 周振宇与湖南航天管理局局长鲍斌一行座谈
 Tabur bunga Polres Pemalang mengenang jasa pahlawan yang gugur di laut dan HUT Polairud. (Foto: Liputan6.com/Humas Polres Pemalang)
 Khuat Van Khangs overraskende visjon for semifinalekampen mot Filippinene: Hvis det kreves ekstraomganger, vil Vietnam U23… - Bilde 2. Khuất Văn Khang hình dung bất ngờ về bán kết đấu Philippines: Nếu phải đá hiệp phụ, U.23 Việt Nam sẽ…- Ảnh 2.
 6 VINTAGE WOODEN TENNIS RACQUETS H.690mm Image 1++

━━━━━━

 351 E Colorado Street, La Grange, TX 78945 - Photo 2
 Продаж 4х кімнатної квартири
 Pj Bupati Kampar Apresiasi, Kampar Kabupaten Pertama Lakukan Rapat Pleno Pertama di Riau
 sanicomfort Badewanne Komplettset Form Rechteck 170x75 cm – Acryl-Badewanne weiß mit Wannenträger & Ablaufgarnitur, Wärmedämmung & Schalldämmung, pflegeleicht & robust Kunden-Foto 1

━━━━━━

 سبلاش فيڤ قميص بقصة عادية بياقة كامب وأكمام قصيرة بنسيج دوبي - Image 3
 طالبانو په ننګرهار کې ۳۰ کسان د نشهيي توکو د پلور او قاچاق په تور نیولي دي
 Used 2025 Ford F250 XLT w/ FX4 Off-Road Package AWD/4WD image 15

━━━━━━

Description of the task. The answer should be a single number: how many lines of the entries hold "Foto".

Written answer. 2